El centro se define como aquella zona del espectro ideológico que la población considera como moderada y razonable. Por lo tanto, se trata de un concepto subjetivo que depende del contexto presente en cada momento de la historia y de los esfuerzos comunicativos de las organizaciones políticas. En España se situaba hasta hace poco en lo que podríamos llamar «derecha social», esto es: un enfoque garantista, en apariencia, del estado de bienestar a cambio de dotar de privilegios a una oligarquía empresarial o, como dijo Alejo Vidal-Quadras.
«Por sorprendente que suene, la opulencia y la extravagancia de una minoría selecta es la condición indispensable para el progreso general» .
Se trata del tipo de pensamiento por el que en España se concibe como normal que alguien deje de estudiar con dieciseis años para ponerse a trabajar en el ladrillo que está fundamentado en la lógica del determinismo cristiano-biológico (hay personas que no sirven para estudiar), al que se opone otra lógica definible como contextual (hay condiciones ambientales que en interacción con las características de la persona…).

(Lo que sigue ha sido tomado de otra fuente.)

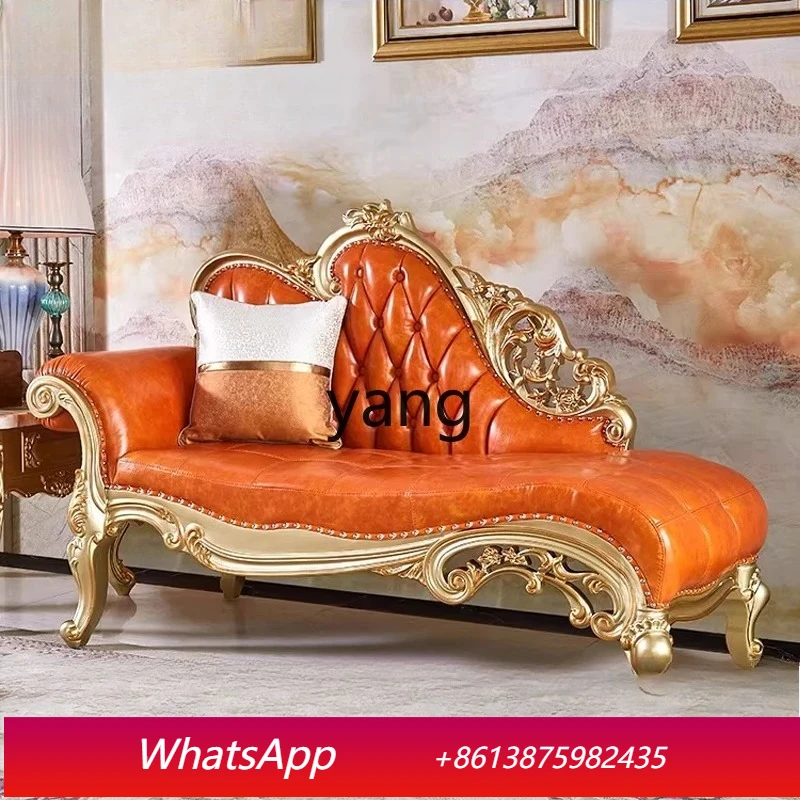 LTT Solid wood Taifei chair Living room single sofa bed Balcony recliner bedroom leather collapse
LTT Solid wood Taifei chair Living room single sofa bed Balcony recliner bedroom leather collapse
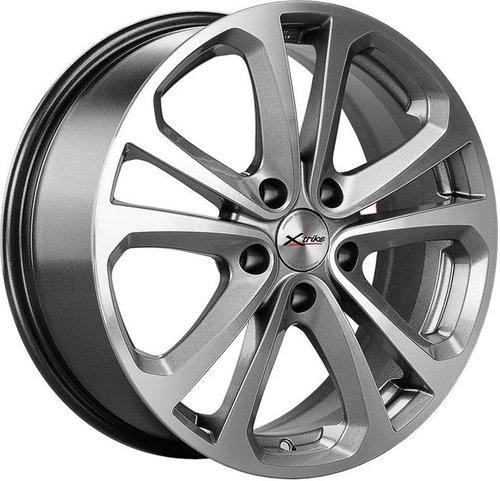 X trike X-113M HSB/FP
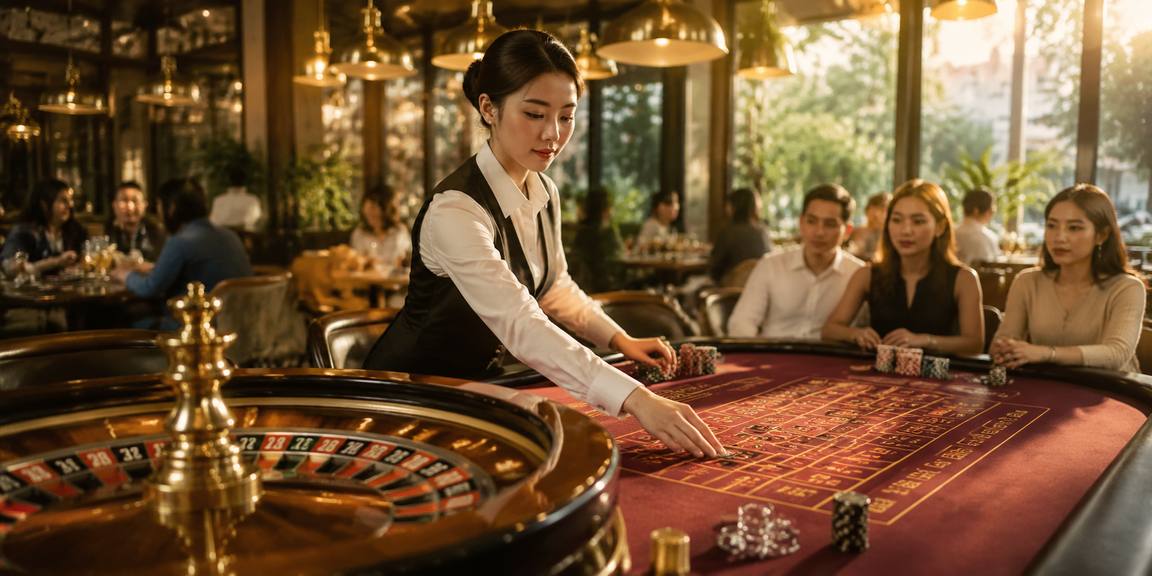 7700x Lộ trình tài khoản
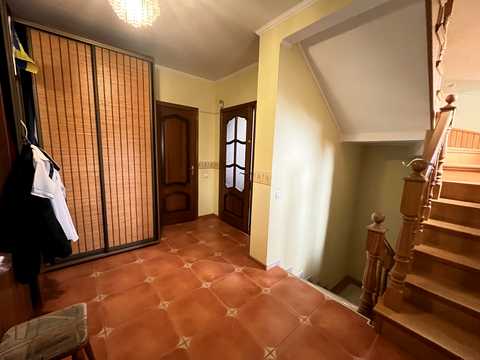будинок за адресою Сільськогосподарська вул., 16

Se trata también de esa actitud en la que prima el progreso económico y el estar en el G8 antes que la defensa de los derechos ante los privilegios de una minoría selecta que, en un ejercicio de extorsión sin precedentes a la población y a los gobernantes, es quien dice garantizar esos derechos. Un posicionamiento que venía caracterizado por el sector predominante del PP y por el ala más derechista del PSOE.
¿En que situación nos encontramos ahora? En los últimos años la posición del centro político ha entrado a debate debido a dos factores: 1) el advenimiento de la crisis económica que ha provocado cambios profundos en la sociedad y un malestar generalizado en la ciudadanía y 2) el nacimiento de nuevos partidos, como UPyD y Podemos, que necesitan situarse como adalides del «sentido común» (también llamado centro) para crearse una clientela estable con la que ganar elecciones. Para tal cometido se sirven de un tercer factor: el analfabetismo político del grueso de votantes indecisos.
Por tanto, para terminar, el problema no es el bipartidismo, si no la ideología conservadora en torno al que ha orbitado el mismo. El problema es el aprovechamiento que han hecho, y continúan haciendo, los partidos de la falta de cultura política de sus votantes. El problema es que el discurso de nuestra democracia se asienta en el establecimiento de unos limites sobre los que tutelar al pensamiento. El problema es dónde situamos el centro y cuál es la resposabilidad de la ciudadanía a la hora de dar respuesta a este debate. El problema es que necesitamos, y me incluyo, más educación y menos vanguardia.